Open HighExecutor opened 3 years ago

HighExecutor commented 3 years ago

Hello, my issue concerns the usage of net_acrh parameter inside LstmPolicy. This will helps to implement custom CnnLstmPolicy.

Now, LstmPolicy from stable_baselines.common.policies has following code with NotImplementedError() when net_arch is not None:

class LstmPolicy(RecurrentActorCriticPolicy):
    def __init__(self, sess, ob_space, ac_space, n_env, n_steps, n_batch, n_lstm=256, reuse=False, layers=None,
                 net_arch=None, act_fun=tf.tanh, cnn_extractor=nature_cnn, layer_norm=False, feature_extraction="cnn",
                 **kwargs):
        # state_shape = [n_lstm * 2] dim because of the cell and hidden states of the LSTM
        super(LstmPolicy, self).__init__(sess, ob_space, ac_space, n_env, n_steps, n_batch,
                                         state_shape=(2 * n_lstm, ), reuse=reuse,
                                         scale=(feature_extraction == "cnn"))

        self._kwargs_check(feature_extraction, kwargs)

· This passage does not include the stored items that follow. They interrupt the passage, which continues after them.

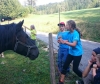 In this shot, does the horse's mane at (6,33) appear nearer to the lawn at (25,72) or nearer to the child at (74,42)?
the child at (74,42)

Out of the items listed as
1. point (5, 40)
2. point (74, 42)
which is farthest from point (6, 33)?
point (74, 42)

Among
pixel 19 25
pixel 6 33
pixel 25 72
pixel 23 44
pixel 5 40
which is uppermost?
pixel 19 25

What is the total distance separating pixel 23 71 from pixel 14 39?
8.15 ft

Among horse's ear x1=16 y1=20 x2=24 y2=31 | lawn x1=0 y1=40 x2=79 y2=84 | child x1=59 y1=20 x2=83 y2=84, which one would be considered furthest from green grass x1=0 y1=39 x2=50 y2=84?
horse's ear x1=16 y1=20 x2=24 y2=31

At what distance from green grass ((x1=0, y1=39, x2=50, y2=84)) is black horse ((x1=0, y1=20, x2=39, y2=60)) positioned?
1509mm

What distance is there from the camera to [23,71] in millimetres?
6492

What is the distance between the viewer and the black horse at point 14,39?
4156 millimetres

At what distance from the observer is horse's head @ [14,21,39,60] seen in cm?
427

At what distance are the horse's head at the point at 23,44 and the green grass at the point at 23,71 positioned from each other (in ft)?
4.53

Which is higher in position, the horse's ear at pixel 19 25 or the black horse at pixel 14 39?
the horse's ear at pixel 19 25

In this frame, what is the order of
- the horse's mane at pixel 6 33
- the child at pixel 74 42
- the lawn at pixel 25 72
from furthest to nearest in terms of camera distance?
the lawn at pixel 25 72 → the child at pixel 74 42 → the horse's mane at pixel 6 33

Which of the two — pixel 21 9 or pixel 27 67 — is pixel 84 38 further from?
pixel 21 9

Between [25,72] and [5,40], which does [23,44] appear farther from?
[25,72]

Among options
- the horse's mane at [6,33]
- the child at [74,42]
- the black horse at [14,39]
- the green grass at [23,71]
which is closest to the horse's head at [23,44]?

        if net_arch is None:  # Legacy mode
            if layers is None:
                layers = [64, 64]
            else:
                warnings.warn("The layers parameter is deprecated. Use the net_arch parameter instead.")

            with tf.variable_scope("model", reuse=reuse):
                if feature_extraction == "cnn":
                    extracted_features = cnn_extractor(self.processed_obs, **kwargs)
                else:
                    extracted_features = tf.layers.flatten(self.processed_obs)
                    for i, layer_size in enumerate(layers):
                        extracted_features = act_fun(linear(extracted_features, 'pi_fc' + str(i), n_hidden=layer_size,
                                                            init_scale=np.sqrt(2)))
                input_sequence = batch_to_seq(extracted_features, self.n_env, n_steps)
                masks = batch_to_seq(self.dones_ph, self.n_env, n_steps)
                rnn_output, self.snew = lstm(input_sequence, masks, self.states_ph, 'lstm1', n_hidden=n_lstm,
                                             layer_norm=layer_norm)
                rnn_output = seq_to_batch(rnn_output)
                value_fn = linear(rnn_output, 'vf', 1)

                self._proba_distribution, self._policy, self.q_value = \
                    self.pdtype.proba_distribution_from_latent(rnn_output, rnn_output)

            self._value_fn = value_fn
        else:  # Use the new net_arch parameter
            if layers is not None:
                warnings.warn("The new net_arch parameter overrides the deprecated layers parameter.")
            if feature_extraction == "cnn":
                raise NotImplementedError()
            ....

So, the solution is simple, do it in analogy to net_arch==None case. just use provided cnn_extractor in a case of "cnn" feature_extraction to preprocess input images to flatten layer that would go next through net_arch layers.